Maggie slowly unwrapped her veil from her arm, lifted it to her face, and burst into tears. “I’m quite mad,” she said, her voice choked with sobs. “I can’t seem to stop writing to him, even though I’m not sure he ever really liked me. Since we were children I was certain I was going to marry him.”
Augusta touched Maggie’s shoulder, tears coming into her own eyes. This pain was such an ordinary pain, she was suddenly filled with nostalgia. In peacetime two young women might have been having this conversation and one of them might be crying. Here in the fog, this girl with her white hair, her white apron and veil, her pale-blue uniform greyed by mist, looked almost like a photographic negative, as if she were already a memory. “At least you write to each other,” Augusta said sympathetically. “That’s something.”

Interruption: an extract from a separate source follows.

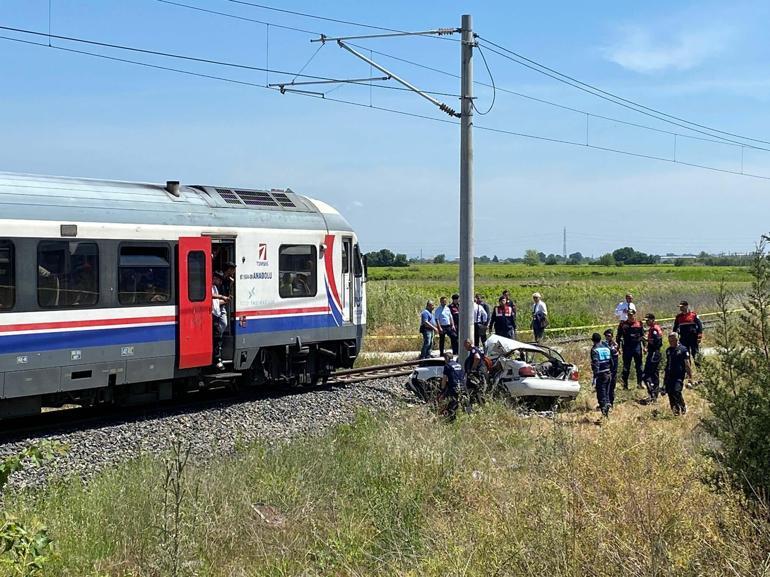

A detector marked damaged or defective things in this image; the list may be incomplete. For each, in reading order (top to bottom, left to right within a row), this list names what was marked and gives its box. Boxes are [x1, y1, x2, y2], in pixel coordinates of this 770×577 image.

destroyed white car [408, 332, 576, 400]
crumpled vehicle [408, 332, 576, 400] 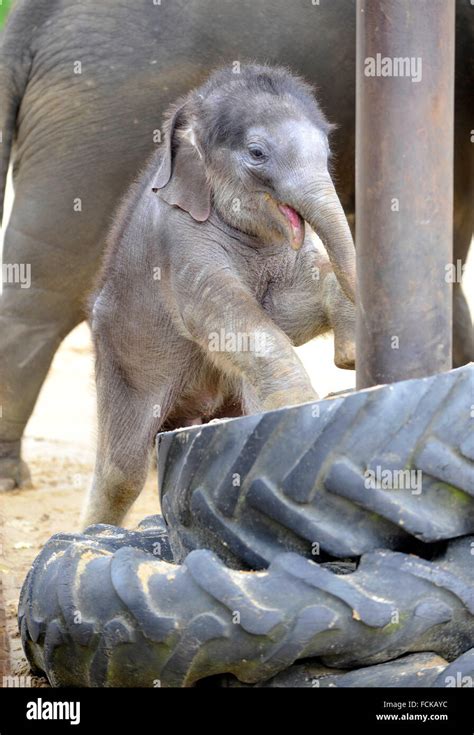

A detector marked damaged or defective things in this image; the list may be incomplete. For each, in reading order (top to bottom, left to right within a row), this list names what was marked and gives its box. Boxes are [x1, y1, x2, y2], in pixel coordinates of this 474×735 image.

rusty metal pole [356, 1, 456, 392]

“But he doesn’t answer … not since the Somme. I don’t think I know where he is. He hasn’t answered for two years.” Maggie had stopped crying now and was attempting to pin her veil back into place. She removed her cap from the bib of her apron. “He is impossible, you see.” She turned and smiled at Augusta. “I like it that you come out here,” she said. “I think we are going to be friends. I saw you walking out over the dunes all alone and I thought, That one will be my friend.”

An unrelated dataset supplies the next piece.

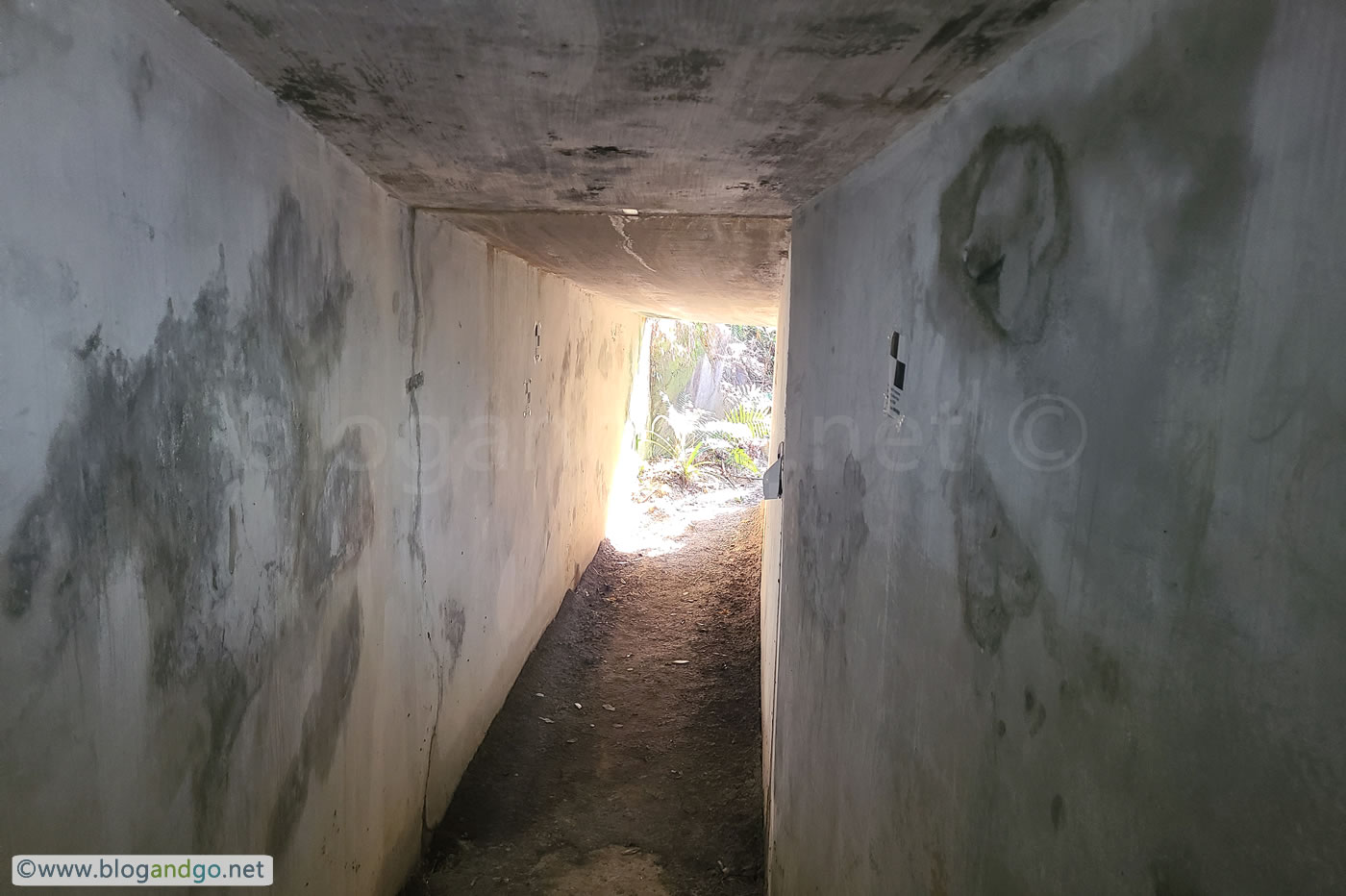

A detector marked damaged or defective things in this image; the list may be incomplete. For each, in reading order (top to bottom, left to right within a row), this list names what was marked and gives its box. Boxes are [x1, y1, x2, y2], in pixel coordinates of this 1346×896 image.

moisture damage [1, 190, 463, 854] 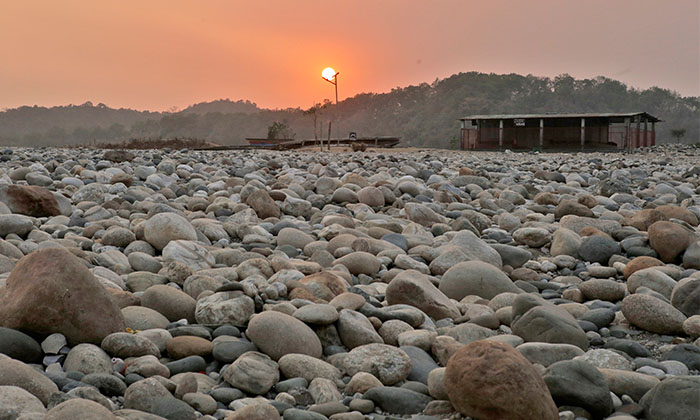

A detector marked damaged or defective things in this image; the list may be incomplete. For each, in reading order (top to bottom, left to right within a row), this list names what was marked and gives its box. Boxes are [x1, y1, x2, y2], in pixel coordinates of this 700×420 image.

rusty metal shed [462, 111, 660, 151] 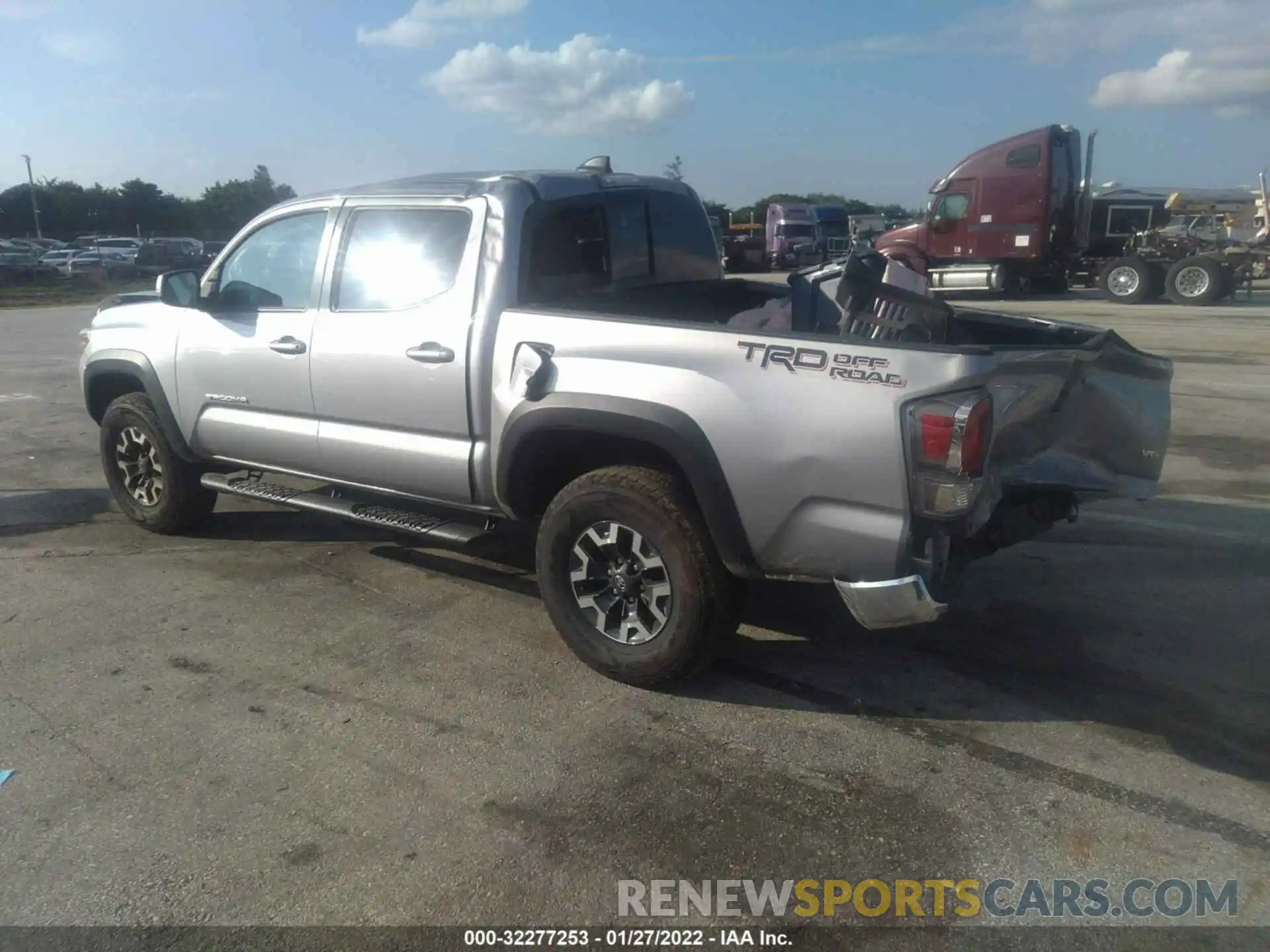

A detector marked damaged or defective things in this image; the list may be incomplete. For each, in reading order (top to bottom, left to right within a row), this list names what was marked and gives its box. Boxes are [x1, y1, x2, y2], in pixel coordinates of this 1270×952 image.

Augusta’s hand was on the girl’s back, between her shoulder blades. She did not remove it. “Maggie,” she said, closing her eyes, “are you saying that Peter was at the Somme?” The Allied casualties there had been unlike anything experienced so far in the history of warfare. “Maggie,” she repeated, shaking the girl’s shoulder gently when she didn’t respond. “Was he wounded?”
“No,” Maggie said, looking at her cap, which she was turning around and around in her hands. “No, not that, I won’t let that happen.”
“Did something happen to him at the Somme?”
A silence, followed by, “I’m quite mad, you know.”
Fred was killed at Passchendaele, thought Augusta. Fred was not killed at Passchendaele. What is madness?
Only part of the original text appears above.